Glitches and goofs aside, the game looks…okay. In certain respects, it’s better looking than its predecessors, particularly when it comes to enemy design. Some of the creatures prowling the wasteland, munching on hapless neo-West Virginians, are fantastically imaginative, from the plodding, muscly Grafton Monster, to the insectoid nightmare Honey Beast. In fact, one of the most compelling reasons to continue playing Fallout 76 in spite of all its shortcomings is to see all of the awesome beasts Bethesda has churned out of their monster factory.

Further Reading: Bethesda Details Fallout 76 Updates

What Fallout 76 lacks, though, is a sense of artistic cohesion, something Fallout: New Vegas struggled with as well.
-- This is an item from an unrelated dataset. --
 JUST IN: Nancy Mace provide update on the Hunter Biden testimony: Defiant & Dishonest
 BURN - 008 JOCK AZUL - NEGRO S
While much of the environmental and character designs are, frankly, eye-popping, there isn’t an overarching aesthetic vision tying the visuals together. The landscapes are varied and more colorful than ever before, which is nice in a way, but the presentation simply doesn’t feel as grounded and polished as Fallout 4’s.
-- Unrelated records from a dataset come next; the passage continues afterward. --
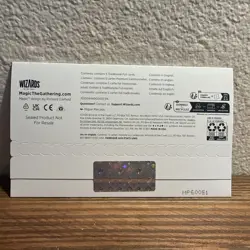 MTG Viva Las Rakdos (Foil Edition) Secret Lair Drop Exclusive Las Vegas Sealed - Image 2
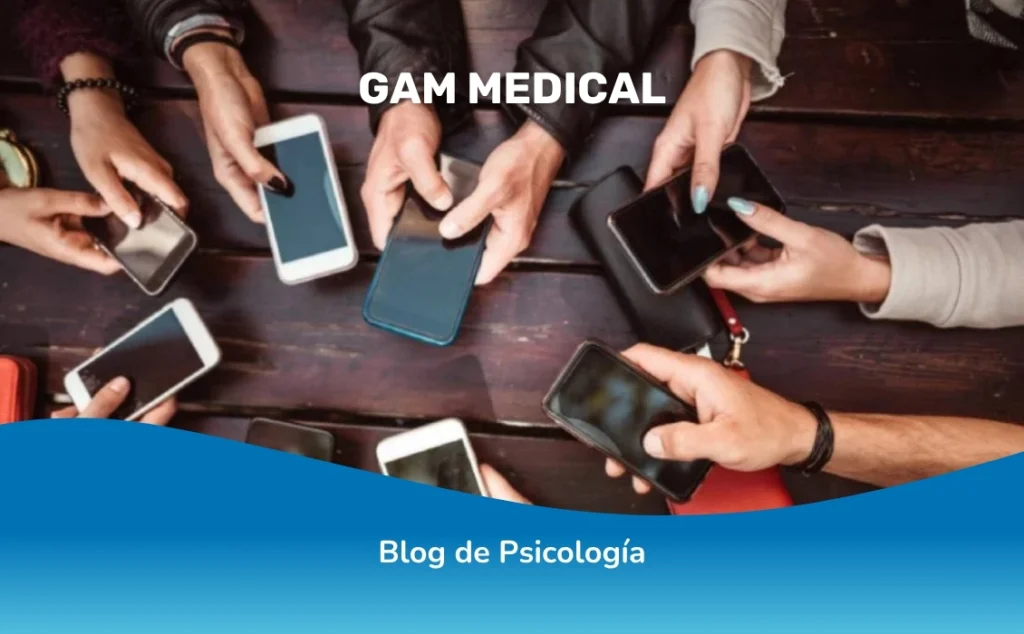 dependencia tecnológica y TDAH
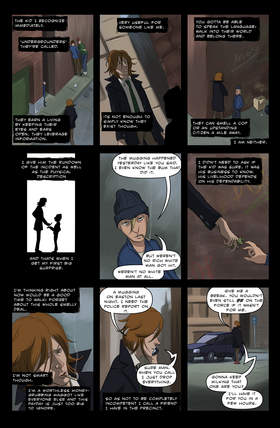Read Diskordia  12 Page 8 in English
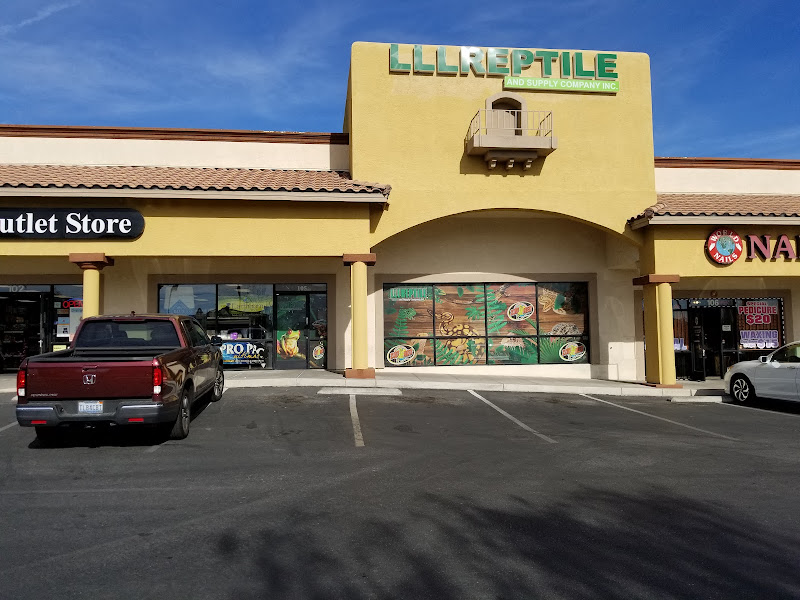 LLLReptile & Supply Las Vegas
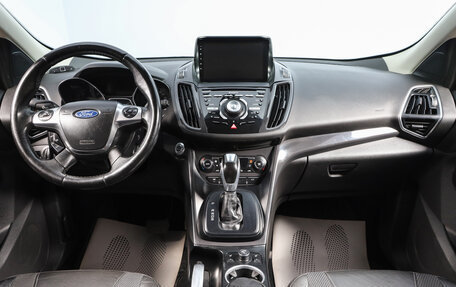 Ford Kuga III, 2013 год, 959 000 рублей, 14 фотография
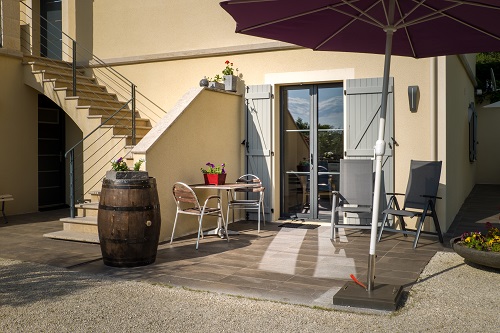 Domaine de L'Ancien Vignoble - L'Olive, Saint-Julien-de-Lampon - photo 2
Progression/loot-based games can be a lot of fun despite their repetitiveness. Joining up with a group of players to fight off hordes of enemies to find launch codes for a nuke, giving you access to the game’s ultimate high of highs, is an arduous process that maybe isn’t quite worth it in the end (the explosion sure looks spectacular, but beyond that, the rewards are light). But as the cliche goes, sometimes it’s about the journey, not the destination. The hamster wheel that is Fallout 76’s primary gameplay loop — kill enemies, loot items, craft better items, kill stronger enemies, loot even better items, etc. — isn’t for everyone, but some, like yours truly, will find themselves being a relatively happy hamster.
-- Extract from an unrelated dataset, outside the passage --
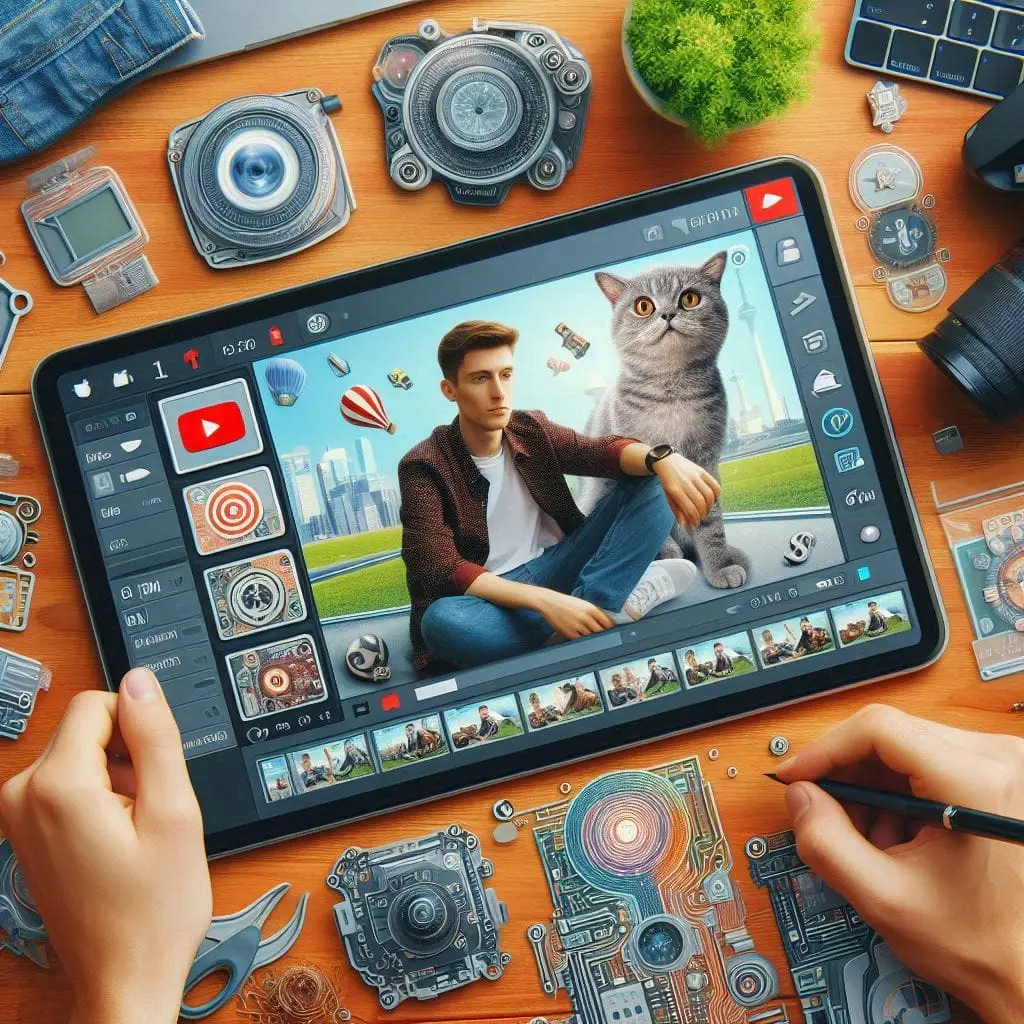 افضل تطبيق ذكاء اصطناعي لتحويل النصوص إلى صور مجانا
There are a lot of terrific ideas bouncing around Fallout 76, but they’re all mired by a grand irony that hovers over the game like a dark mushroom cloud: Bethesda meant to make a bustling, social, multiplayer version of Fallout but instead created the loneliest entry of them all. Sure, the companionship of real-life players has its appeal and makes for some solid fun, but the game feels devoid of life because none of the characters you encounter belong to the game world — they belong to ours. This dissonance zaps Fallout of its charm, which results in an intrinsically confused game that can’t measure up to the legacy of its predecessors.